The World Bank Group has on Thursday June 18, 2026 approved a $40 million International Development Association (IDA) grant to support the Sustainable Agricultural Value-chains Intensification for Growth (SAVIG) project in Sierra Leone.
The project aims to enhance productivity and private investment, and create jobs in select agricultural value chains, contributing to the country’s broader economic transformation and food security goals.
Agriculture remains the backbone of Sierra Leone’s economy, employing the majority of the rural population and accounting for a significant share of national output. Despite this central role, productivity levels remain low, private sector participation is limited, and value chain development is constrained by limited access to inputs and markets, and weak institutional frameworks. The SAVIG project is designed to address these structural challenges through a comprehensive, market-oriented approach.
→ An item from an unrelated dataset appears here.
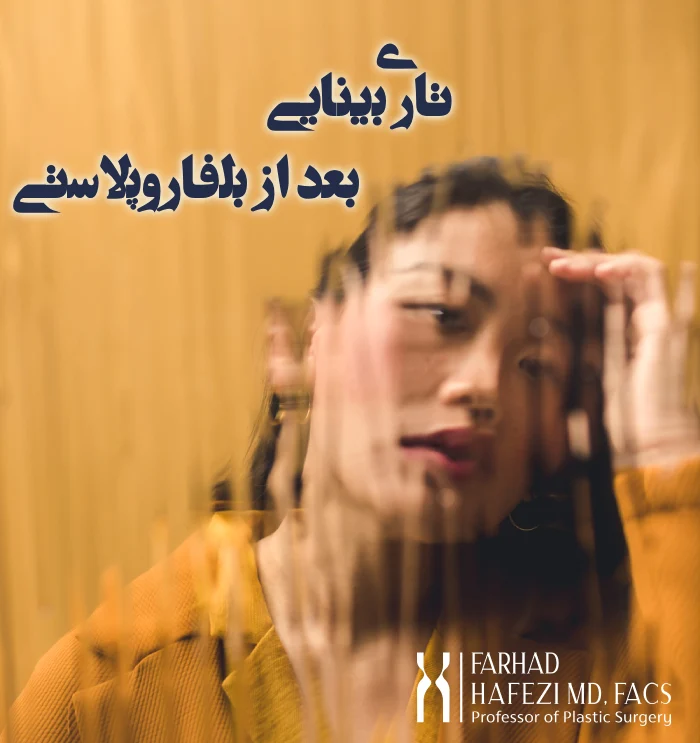 تاری دید بعد از بلفاروپلاستی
“By transforming smallholder farming into a platform for more and better jobs, this operation is addressing two of Sierra Leone’s most pressing challenges – unemployment and food insecurity – at once,” said Abdu Muwonge, World Bank Group Country Manager for Sierra Leone. “Agriculture holds enormous, untapped potential in this country, and by strengthening value chains, this investment will improve the livelihoods of farming households as well as laying the foundation for a more diversified and resilient economy.”
The project will focus on select priority value chains with high growth potential, providing targeted investments to improve production systems, post-harvest handling, processing, and market linkages. SAVIG will help position Sierra Leone’s agriculture sector as an engine of inclusive economic growth by fostering stronger connections between smallholder farmers, agribusinesses, and buyers. Investments will also support the policy environment for greater private sector participation, including through improved access to finance and digital agriculture solutions.
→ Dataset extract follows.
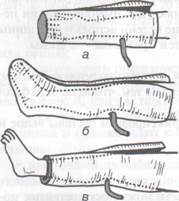 Иммобилизация нижней конечности - student2.ru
“This project takes a pragmatic, systems-wide approach to agricultural transformation,” said Vinay Kumar Vutukuru, World Bank Lead Agricultural Specialist. “We are investing not just in production, but in the full value chain: from farm to market. By catalyzing private investment alongside public support, we expect to see lasting improvements in incomes, employment, and food security for people across Sierra Leone.”
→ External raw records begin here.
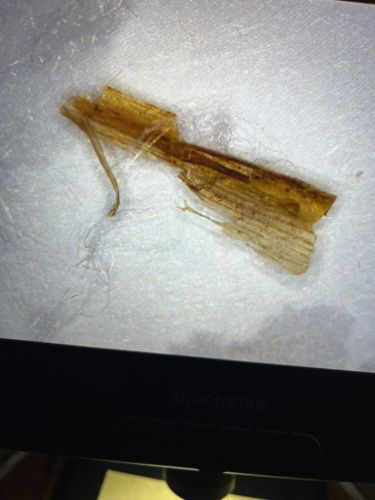 Not identifiable as an insect or bug; appears to be plant or wood fiber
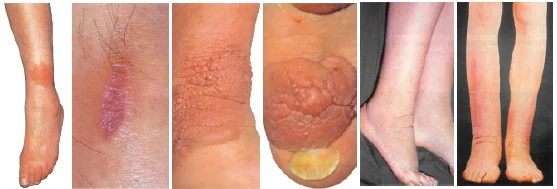 Pretibial Myxedema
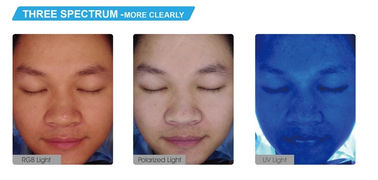กระจกวิเศษวิเคราะห์ใบหน้าอัจฉริยะวิเคราะห์ VS0010 เป็นไปตามมาตรฐาน RoHS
Job creation is central to the project’s design. Sierra Leone currently generates only 41,000 jobs annually against an estimated need for 75,000 new jobs each year through 2050 just to maintain current employment levels.
SAVIG will directly contribute to the Government’s “Feed Salone Strategy” target of creating at least 35,000 formal jobs in the agriculture sector, by strengthening farm jobs as well as expanding off-farm segments of value chains, particularly in input supply and value addition, to generate more and better employment opportunities, especially in downstream segments of the targeted value chains.
The project is expected to benefit smallholder farmers, rural entrepreneurs, and agribusiness operators across the targeted value chains, with particular attention to the inclusion of women and youth – groups that are disproportionately engaged in agricultural activities.